O prazo prescricional começa a contar a partir do momento em que o direito poderia ser exercido. Por exemplo, no caso de uma dívida, o prazo começa a contar a partir do vencimento dela.

Interrupção e Suspensão da Prescrição

É importante saber que o prazo prescricional pode ser interrompido ou suspenso:

  • Interrupção: A interrupção faz com que o prazo comece a correr novamente do zero. Um exemplo comum de interrupção é a citação válida em ação judicial. Outros atos previstos em lei também podem interromper a prescrição.
  • Suspensão: A suspensão faz com que o prazo "pause", mas, após o motivo da suspensão cessar, o prazo retoma de onde parou. Casos de casamento, por exemplo, podem suspender a prescrição entre os cônjuges.

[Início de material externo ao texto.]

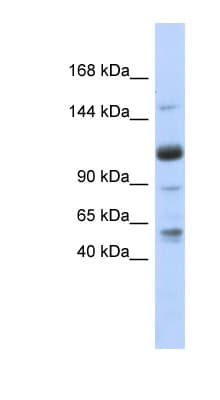 SR140 / U2SURP Antibody (aa71-120)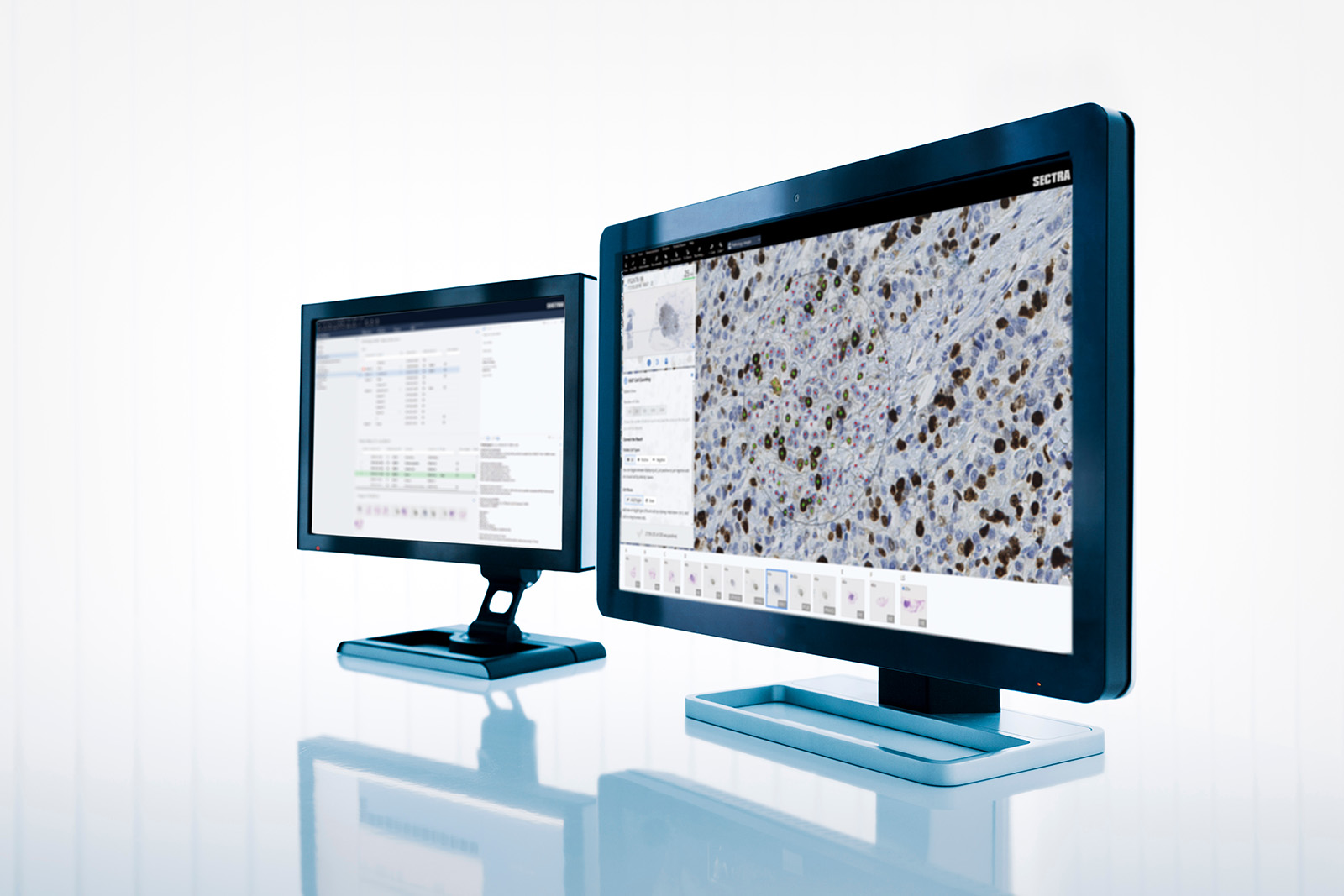 Two monitors with GUI from Sectra's digital pathology solution, one with machine learning application (ki67) running.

Consequências da Prescrição

Uma vez que a prescrição ocorre, o direito do credor (aquele que tem o direito a ser satisfeito) de cobrá-lo judicialmente se extingue. No entanto, a dívida em si não deixa de existir. Se o devedor, ciente de que a dívida prescreveu, efetuar o pagamento voluntariamente, ele não poderá exigir a devolução do valor pago, pois a obrigação, embora inexigível judicialmente, ainda era devida.

Em resumo, o Artigo 20 nos lembra da importância de agir dentro dos prazos legais para garantir o exercício dos nossos direitos, garantindo assim a estabilidade e a justiça nas relações jurídicas.